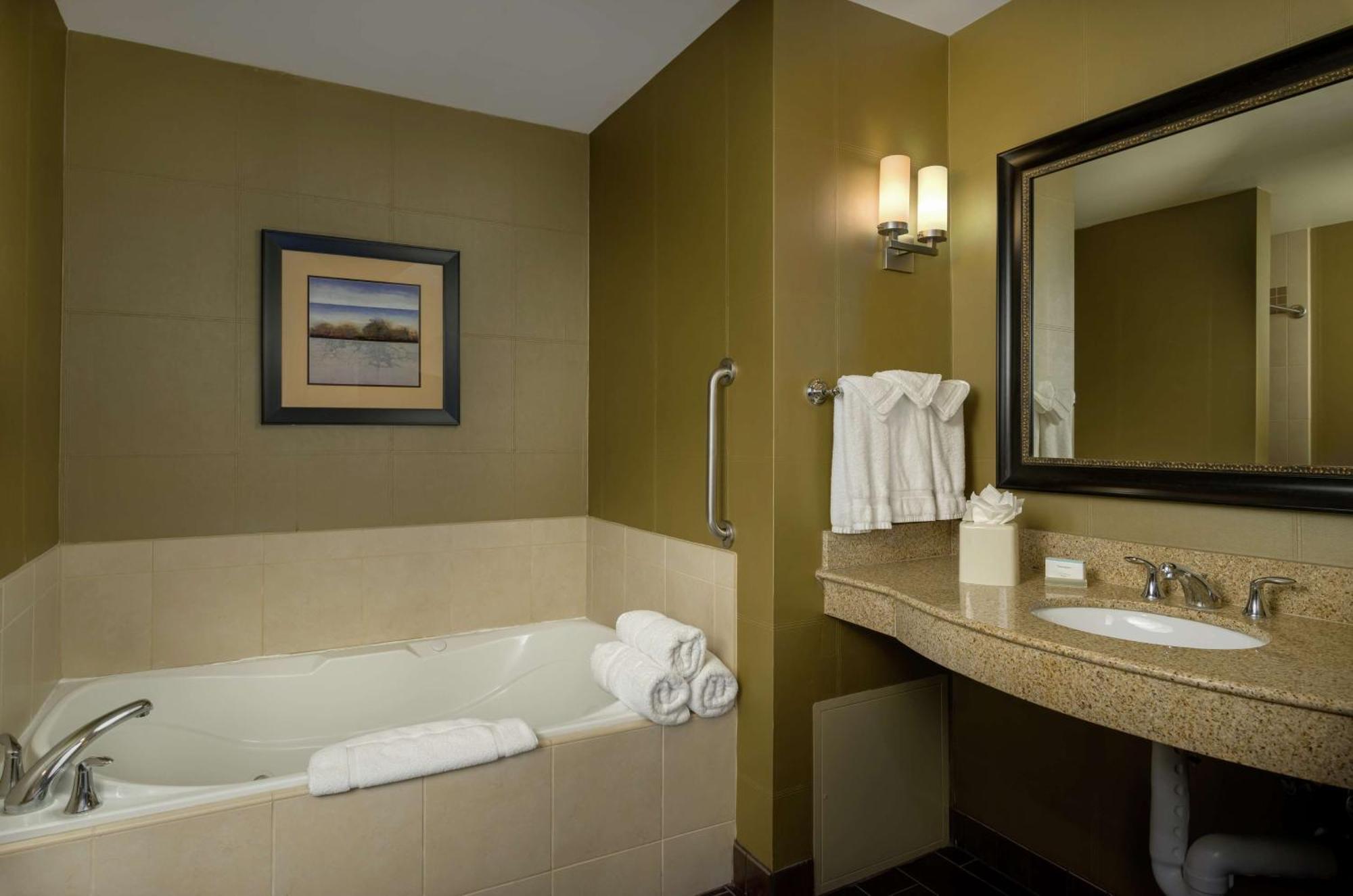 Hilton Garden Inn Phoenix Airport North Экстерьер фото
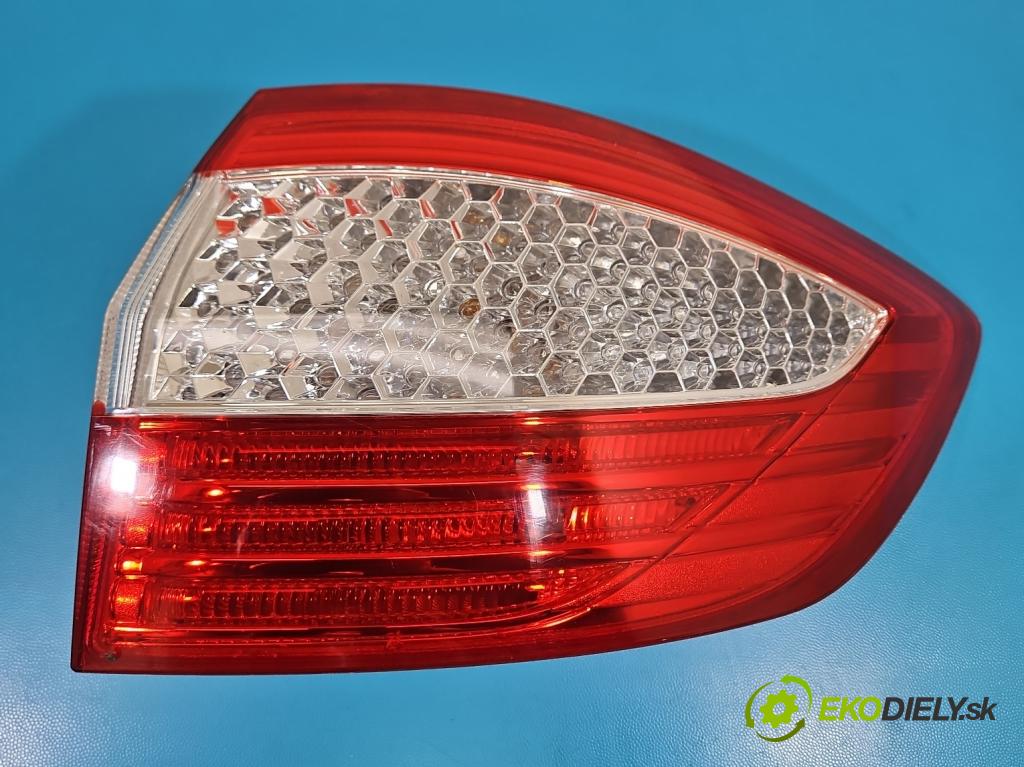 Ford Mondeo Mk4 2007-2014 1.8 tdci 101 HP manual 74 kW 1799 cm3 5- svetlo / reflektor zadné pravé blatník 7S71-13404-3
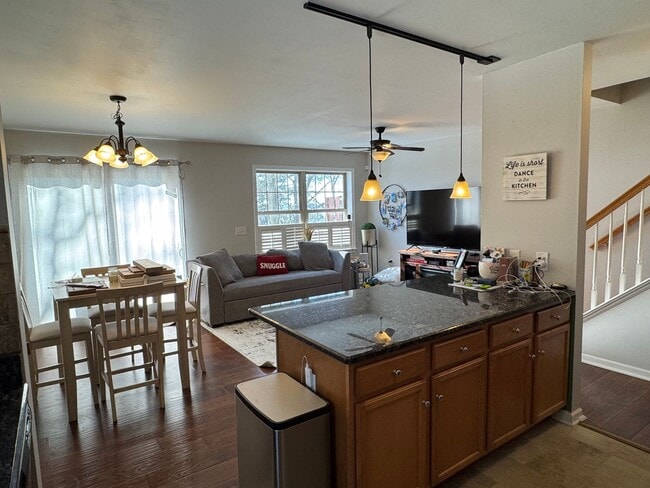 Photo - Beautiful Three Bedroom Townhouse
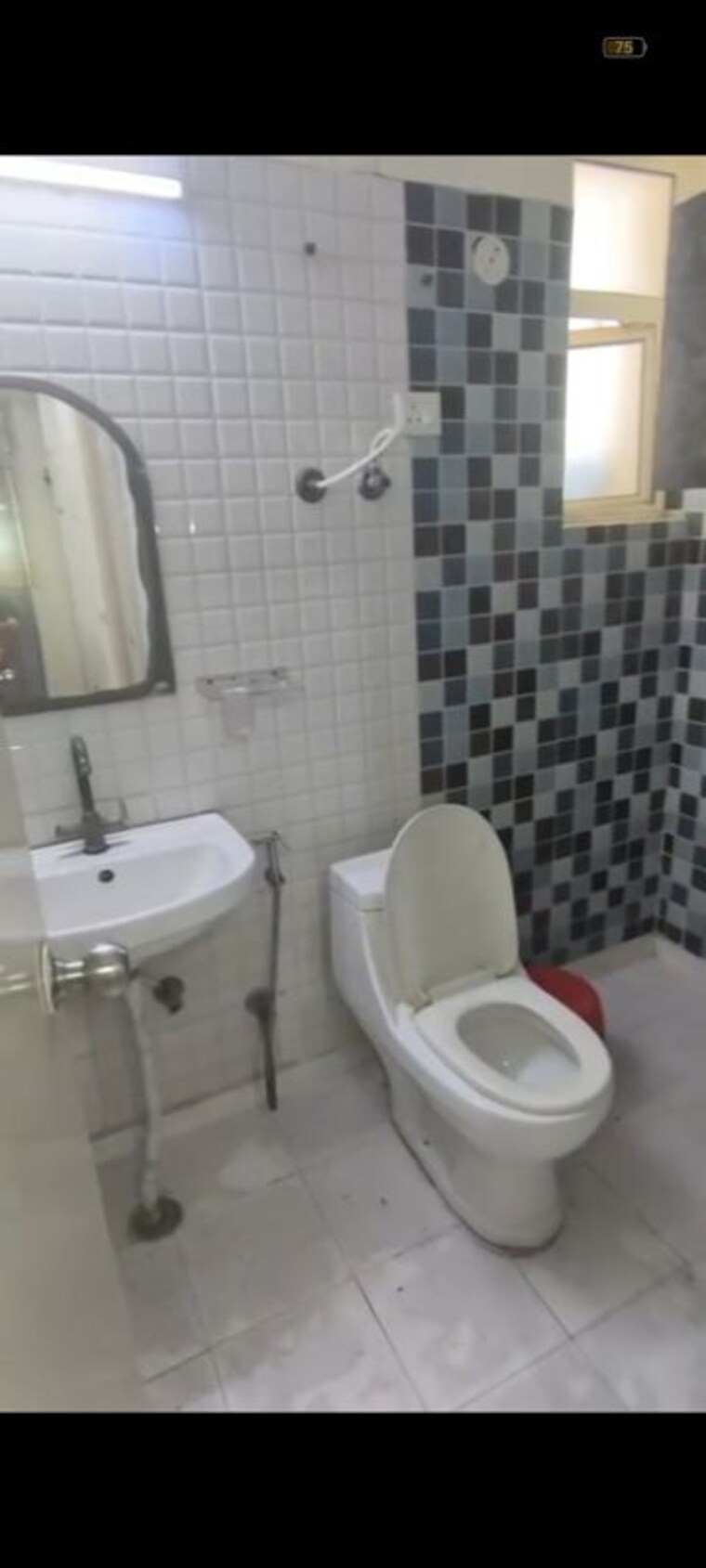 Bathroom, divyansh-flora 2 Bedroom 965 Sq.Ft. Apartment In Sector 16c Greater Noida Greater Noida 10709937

• _EXERCISE BRIEF_:
Copy out all of the listing word for word, but skip the images.

• _ANSWER FOR THIS EXERCISE_:
 Hilton Garden Inn Phoenix Airport North Экстерьер фото
 Ford Mondeo Mk4 2007-2014 1.8 tdci 101 HP manual 74 kW 1799 cm3 5- svetlo / reflektor zadné pravé blatník 7S71-13404-3
 Photo - Beautiful Three Bedroom Townhouse
 Bathroom, divyansh-flora 2 Bedroom 965 Sq.Ft. Apartment In Sector 16c Greater Noida Greater Noida 10709937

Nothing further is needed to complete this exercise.